Durante las primeras décadas del siglo pasado, un periodista madrileño de cierto predicamento, Vicente Sánchez Ocaña, primo y valedor de Josefina Carabias, uno de esos agudos informadores que podría ser el cronista de este Gobierno cuando sus componentes ocupen un lugar de privilegio en el camposanto de Spoon River, escribía, en una de sus habituales colaboraciones para La Nación de Buenos Aires, que en la sociedad española había coléricos socialistas (Baroja los denominaba «pedantes, charlatanes e hipócritas»), coléricos carlistas, coléricos republicanos, coléricos catalanistas, coléricos vascos, trolistas –es decir, profesionales de la mentira como Valle-Inclán–, políticos chanchulleros o histriónicos, generales de salón (y no fue muy acertado en esto), monologuistas como Unamuno. Pero, sobre todo, los que él más destacaba eran los «perenganistas». No acierta a definirlos, pero yo deduzco que se refería a aquellas personalidades que, sin oficio ni beneficio, pero siendo familiares de, amigos de o de condición cercana inconfesable, ocupaban cargos políticos muy por encima de su saber y capacidad.

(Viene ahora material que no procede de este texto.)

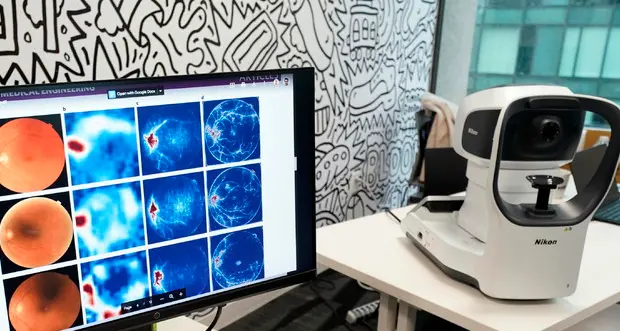 Isolate staminali nel nervo ottico: speranze contro il glaucoma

¡Todos al máster!Hoy carecemos de Barojas, Unamunos y Valle-Inclanes, pero de lo que sí seguimos teniendo en abundancia es de «perenganistas». En el lenguaje inclusivo de hoy en día emitido por nuestras grandes lumbreras de la lengua española habría que añadir perenganistos y perenganistes. El género, para llevar a cabo estas encomiendas, da igual. Una de esas perenganistas posiblemente sea Begoña Gómez, la esposa del presidente del Gobierno. No la presidenta del mismo, pues a ella nadie la votó. Para esta persona, nada menos que la Universidad Complutense de Madrid acaba de crear una cátedra extraordinaria en Transformación Social Competitiva. Por supuesto dirigida por ella. La inscripción para beneficiarse de estos cursos es muy económica y sumamente social: unos 7.000 euros. Y luego los estudiantes se quejan de que la matrícula por curso es muy alta. Es decir, que está a la altura de cualquier hijo de un trabajador de Vallecas o de El Pozo del Tío Raimundo. La catedrática, por la gracia de Dios o, como será laica, por la gracia de ser, temporalmente, quien es; tiene un curriculum medio fantasma que yo, después de tantos años en la universidad pública, no he logrado desentrañar. El caso es que, para resumir: no es licenciada, no es doctora, no ha sido profesora, no tiene méritos académicos, no ha publicado nada ni ha dado conferencias ni ponencias (al menos que se conozcan) y, por tanto, carece de reconocimiento relevante alguno, no sólo español sino internacional.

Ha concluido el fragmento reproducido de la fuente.